It’s been nearly two months since the unfortunate death of Burt Reynolds, and now, his ex-girlfriend Sally Field is speaking out about their relationship again. The famed actress detailed their partnership in her new memoir, In Pieces, but during a sit-down with This Morning on Tuesday, Oct. 16, she also revealed she couldn’t be herself when she dated the A-lister.

“It was instantaneous and intense and I said we were a perfect match of flaws,” she said of their relationship, which lasted for five years from 1977 until 1982. “We went together very well but not necessarily for the right reasons, it was a pre-formed rut in my road. I say in the book many times if I could have been different would he have been different.”

She then went on to describe how she didn’t act like herself around him. “He was who he was, a man of his time, and needed the women that he was with to represent him in a certain way, but would he have been different if I couldn’t have said ‘Don’t do that, I don’t like that?’ But I couldn’t be myself — I was absent,” Sally added. “I was behaving the way I was taught, that to be loved I had to disappear so I disappeared.”

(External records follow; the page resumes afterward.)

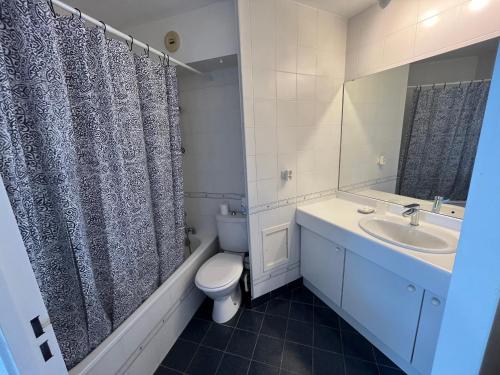 une salle de bain avec un lavabo, des toilettes et un miroir dans l'établissement Charmant T1 bis à Arcachon, 300m Plage de Pereire, Terrasse et Jardinet - FR-1-319-59, à Arcachon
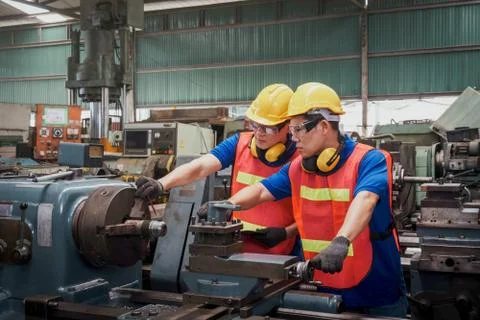 Engineer or mechanical worker  checking on production in a factory Stock Photos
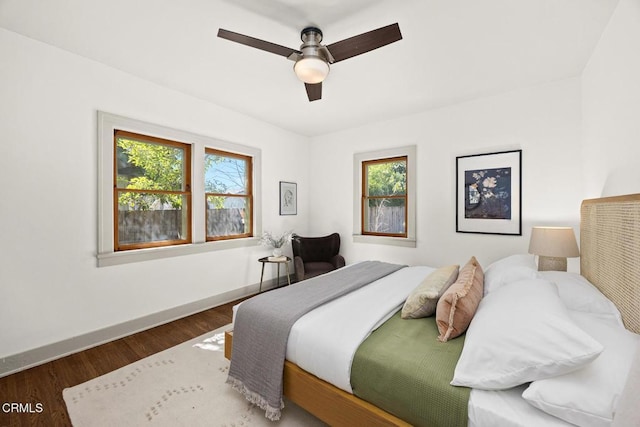 bedroom featuring a ceiling fan, wood finished floors, and baseboards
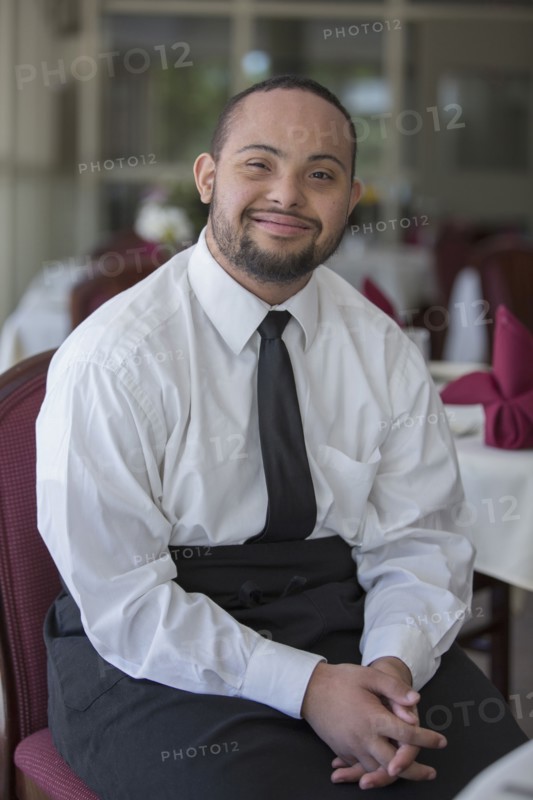 Mixed race server with down syndrome smiling in restaurant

Even though Sally and Burt both moved on after their split by marrying other people, before Burt died of a heart attack at age 82 in early September, he confessed to the world that Sally was the love of his life during an interview with Today anchor Hoda Kotb. “I was always flattered when he said that,” the 71-year-old said in an interview with Diane Sawyer after Burt’s public claim. “But he was a complicated man. We’d known each other about three days, four days [when we filmed Smokey and the Bandit]. It was instantaneous and four days felt like four years. You can see it in our faces. We were sort of, you know, deeply entangled.” Sally continued, “The nature of it wasn’t just, ‘Oh this is a love affair.’ There was some ingredient between us having to do with my care-taking and him needing to be taken care of.”

Sally Field and Burt Reynolds
Getty Images

Burt tragically passed away just a few days before Sally released her memoir — so he never got a chance to read it. “It was kind of horrifying that it was so close, and I certainly never wanted to hurt him more than I already had,” Sally admitted. “I knew this book would hurt him, even though I tried to paint him as the colorful human being that he was so I don’t know. He will always be in my heart and my history. He will never not be there.”